Um pouco de Chile

by - abril 23, 2012

 

Agora me dei conta que não escrevi nada sobre o Chile. Foi minha primeira viagem pra fora do país sozinha. Não conhecia ninguém, à exceção de um contato de uma amiga de uma amiga que ia se casar por lá. Claudia é chilena ia se casar com um carioca em Santiago e generosamente me convidou para a festa. Sem nunca ter me visto.

Descobri que quando viajando só, as coisas mais fantásticas podem acontecer a qualquer momento, em qualquer esquina. Este casamento para poucos é um grande exemplo. E o mais legal é que não conhecendo ninguém, absolutamente tudo se torna novo. A cerimônia foi linda e rápida, percebi que se não todos, muitos eram amigos próximos e que estavam ali com a alegria de ver duas pessoas que se amam, casando. Me colocaram na mesa dos brasileiros e o que achei que ia ser um evento – para mim, de poucas horas – me fez ficar até o final e acordar meus colegas de quarto quando cheguei ao albergue. Bebemos muito, dançamos ainda mais e comecei a viagem da melhor forma possível.


Santiago é uma cidade especial. Provavelmente essa é uma frase que vai se repetir em todas as viagens, já que cada uma deve abarcar um monte de coisas, lugares e culturas interessantes. O negócio é que todos que tinham ido à Santiago (bem menos pessoas conheciam, ao contrário de Buenos Aires), me falavam que a cidade não era nada demais e nem tão charmosa quanto a portenha, que realmente é incrível.

Santiago é limpa, organizada, seus sistemas parecem funcionar muito bem e todas as pessoas foram muito educadas, simpáticas e prestativas. Do segurança do metrô a todos os policiais. Não é uma cidade de tango, ou cidade sensual como as nossas, mas ela vai te encantando sutilmente, você vai criando intimidade aos poucos e se surpreende sempre com a brutalidade com que a natureza se apresenta no meio de uma capital federal. É virar uma esquina e está lá, a cordilheira, como um imenso desafio, piscando pra você.

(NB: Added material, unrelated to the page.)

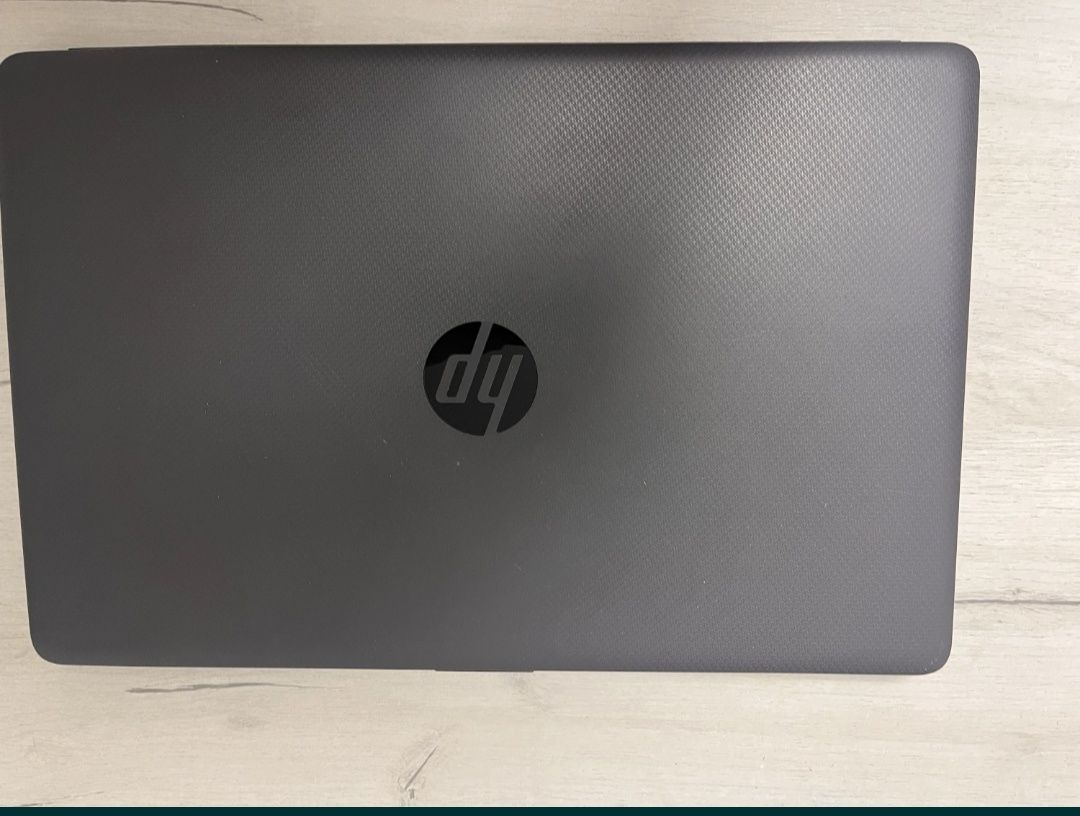 Ноутбук hp 250 g7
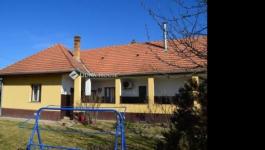 Eladó családi ház Tápióbicske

Em Santiago, os homens não te cantam nas ruas (à exceção do moço do caminhão que me mandou um beijo e pediu uma foto) e nas boates, te convidam apenas para dançar. E te pedem que olhe nos olhos. Essa é uma diferença brutal de comportamento, pelo menos pra mim. Quando nos chamam pra dançar no Brasil é um indício de que vão, no mínimo, lhe tocar, abraçar, encostar em você... e nunca se preocupam com os olhos. O rapaz que me convidou não estava interessado em mim, mas em outra brasileira do meu albergue e foi por isso que começamos a conversar. Ele era um pouco tímido e ela não se interessou. De alguma forma participei do assunto, já que ela não entendia muito espanhol e fui facilitar o diálogo. Terminei conversando bastante com ele, que tinha uma doçura no olhar, misturada com uma firmeza, alguma segurança de pessoa tranquila. Dancei com ele, mas era estranho perceber que ele ficava em encarando. Era estranho e divertido ao mesmo tempo. E intimidante. Até que ele percebeu e me questionou, por que eu não olhava pra ele. Expliquei que era muito diferente pra mim e que ficava tímida, e então ele me deu a sacada da coisa toda: se você olha nos olhos de um rapaz, ele é quem fica tímido e abaixa o olhar. E com isso, entendi como a cidade funcionava.


Quando começo a pensar nesta semana, milhões de pequenas histórias passam pela cabeça, não tanto como filmes, mas como um complexo amontoado de percepções íntimas, emoções de todo tipo, cenas incríveis, diálogos e vinho, muito vinho bom e despretensioso.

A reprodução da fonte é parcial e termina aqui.